● **Exercise goal**
Nothing in the data should be left out or altered when it is retyped.

*** Opening Data for this task ***

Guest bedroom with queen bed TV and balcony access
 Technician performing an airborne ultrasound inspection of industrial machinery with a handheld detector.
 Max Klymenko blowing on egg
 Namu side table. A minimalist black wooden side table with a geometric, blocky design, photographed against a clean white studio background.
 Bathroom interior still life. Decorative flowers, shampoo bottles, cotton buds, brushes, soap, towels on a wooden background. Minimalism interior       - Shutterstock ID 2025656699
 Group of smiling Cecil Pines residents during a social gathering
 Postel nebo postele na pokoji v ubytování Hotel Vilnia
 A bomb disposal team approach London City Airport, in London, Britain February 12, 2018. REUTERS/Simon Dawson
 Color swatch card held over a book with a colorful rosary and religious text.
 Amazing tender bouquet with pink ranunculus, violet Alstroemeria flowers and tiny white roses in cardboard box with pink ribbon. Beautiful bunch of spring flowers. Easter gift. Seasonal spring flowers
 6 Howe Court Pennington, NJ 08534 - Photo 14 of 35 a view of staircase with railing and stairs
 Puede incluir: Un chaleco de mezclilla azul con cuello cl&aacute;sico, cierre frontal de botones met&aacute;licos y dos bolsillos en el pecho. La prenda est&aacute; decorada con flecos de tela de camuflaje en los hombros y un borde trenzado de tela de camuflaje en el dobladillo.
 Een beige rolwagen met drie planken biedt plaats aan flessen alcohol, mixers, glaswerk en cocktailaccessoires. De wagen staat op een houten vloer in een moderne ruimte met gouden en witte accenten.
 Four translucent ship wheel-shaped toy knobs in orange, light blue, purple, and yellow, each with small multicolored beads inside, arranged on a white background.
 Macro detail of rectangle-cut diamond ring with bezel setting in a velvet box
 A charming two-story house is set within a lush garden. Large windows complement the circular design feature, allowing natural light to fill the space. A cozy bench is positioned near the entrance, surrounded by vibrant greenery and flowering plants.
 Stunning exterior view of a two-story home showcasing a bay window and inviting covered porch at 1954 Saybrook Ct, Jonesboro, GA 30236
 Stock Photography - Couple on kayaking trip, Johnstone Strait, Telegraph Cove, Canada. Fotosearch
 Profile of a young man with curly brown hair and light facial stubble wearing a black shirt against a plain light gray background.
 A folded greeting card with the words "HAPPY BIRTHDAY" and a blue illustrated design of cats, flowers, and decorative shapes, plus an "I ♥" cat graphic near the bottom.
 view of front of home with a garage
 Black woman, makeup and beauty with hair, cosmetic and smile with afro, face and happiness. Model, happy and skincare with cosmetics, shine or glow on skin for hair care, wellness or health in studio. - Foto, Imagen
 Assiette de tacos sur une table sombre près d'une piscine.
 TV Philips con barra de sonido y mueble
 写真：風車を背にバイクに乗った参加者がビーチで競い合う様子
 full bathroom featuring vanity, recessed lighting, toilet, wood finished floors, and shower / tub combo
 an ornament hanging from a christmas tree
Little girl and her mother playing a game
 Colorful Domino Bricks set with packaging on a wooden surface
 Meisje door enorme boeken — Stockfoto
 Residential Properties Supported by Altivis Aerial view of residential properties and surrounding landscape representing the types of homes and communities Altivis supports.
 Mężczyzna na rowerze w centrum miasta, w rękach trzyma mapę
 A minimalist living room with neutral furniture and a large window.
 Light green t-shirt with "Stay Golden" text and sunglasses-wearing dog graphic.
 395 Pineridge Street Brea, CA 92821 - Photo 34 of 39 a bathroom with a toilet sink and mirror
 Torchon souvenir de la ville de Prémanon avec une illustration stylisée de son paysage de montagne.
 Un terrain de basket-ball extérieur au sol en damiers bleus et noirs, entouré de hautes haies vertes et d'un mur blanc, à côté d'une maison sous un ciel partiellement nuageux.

*** Closing Data for this task ***

● **Answer section**
Guest bedroom with queen bed TV and balcony access
 Technician performing an airborne ultrasound inspection of industrial machinery with a handheld detector.
 Max Klymenko blowing on egg
 Namu side table. A minimalist black wooden side table with a geometric, blocky design, photographed against a clean white studio background.
 Bathroom interior still life. Decorative flowers, shampoo bottles, cotton buds, brushes, soap, towels on a wooden background. Minimalism interior       - Shutterstock ID 2025656699
 Group of smiling Cecil Pines residents during a social gathering
 Postel nebo postele na pokoji v ubytování Hotel Vilnia
 A bomb disposal team approach London City Airport, in London, Britain February 12, 2018. REUTERS/Simon Dawson
 Color swatch card held over a book with a colorful rosary and religious text.
 Amazing tender bouquet with pink ranunculus, violet Alstroemeria flowers and tiny white roses in cardboard box with pink ribbon. Beautiful bunch of spring flowers. Easter gift. Seasonal spring flowers
 6 Howe Court Pennington, NJ 08534 - Photo 14 of 35 a view of staircase with railing and stairs
 Puede incluir: Un chaleco de mezclilla azul con cuello cl&aacute;sico, cierre frontal de botones met&aacute;licos y dos bolsillos en el pecho. La prenda est&aacute; decorada con flecos de tela de camuflaje en los hombros y un borde trenzado de tela de camuflaje en el dobladillo.
 Een beige rolwagen met drie planken biedt plaats aan flessen alcohol, mixers, glaswerk en cocktailaccessoires. De wagen staat op een houten vloer in een moderne ruimte met gouden en witte accenten.
 Four translucent ship wheel-shaped toy knobs in orange, light blue, purple, and yellow, each with small multicolored beads inside, arranged on a white background.
 Macro detail of rectangle-cut diamond ring with bezel setting in a velvet box
 A charming two-story house is set within a lush garden. Large windows complement the circular design feature, allowing natural light to fill the space. A cozy bench is positioned near the entrance, surrounded by vibrant greenery and flowering plants.
 Stunning exterior view of a two-story home showcasing a bay window and inviting covered porch at 1954 Saybrook Ct, Jonesboro, GA 30236
 Stock Photography - Couple on kayaking trip, Johnstone Strait, Telegraph Cove, Canada. Fotosearch
 Profile of a young man with curly brown hair and light facial stubble wearing a black shirt against a plain light gray background.
 A folded greeting card with the words "HAPPY BIRTHDAY" and a blue illustrated design of cats, flowers, and decorative shapes, plus an "I ♥" cat graphic near the bottom.
 view of front of home with a garage
 Black woman, makeup and beauty with hair, cosmetic and smile with afro, face and happiness. Model, happy and skincare with cosmetics, shine or glow on skin for hair care, wellness or health in studio. - Foto, Imagen
 Assiette de tacos sur une table sombre près d'une piscine.
 TV Philips con barra de sonido y mueble
 写真：風車を背にバイクに乗った参加者がビーチで競い合う様子
 full bathroom featuring vanity, recessed lighting, toilet, wood finished floors, and shower / tub combo
 an ornament hanging from a christmas tree
Little girl and her mother playing a game
 Colorful Domino Bricks set with packaging on a wooden surface
 Meisje door enorme boeken — Stockfoto
 Residential Properties Supported by Altivis Aerial view of residential properties and surrounding landscape representing the types of homes and communities Altivis supports.
 Mężczyzna na rowerze w centrum miasta, w rękach trzyma mapę
 A minimalist living room with neutral furniture and a large window.
 Light green t-shirt with "Stay Golden" text and sunglasses-wearing dog graphic.
 395 Pineridge Street Brea, CA 92821 - Photo 34 of 39 a bathroom with a toilet sink and mirror
 Torchon souvenir de la ville de Prémanon avec une illustration stylisée de son paysage de montagne.
 Un terrain de basket-ball extérieur au sol en damiers bleus et noirs, entouré de hautes haies vertes et d'un mur blanc, à côté d'une maison sous un ciel partiellement nuageux.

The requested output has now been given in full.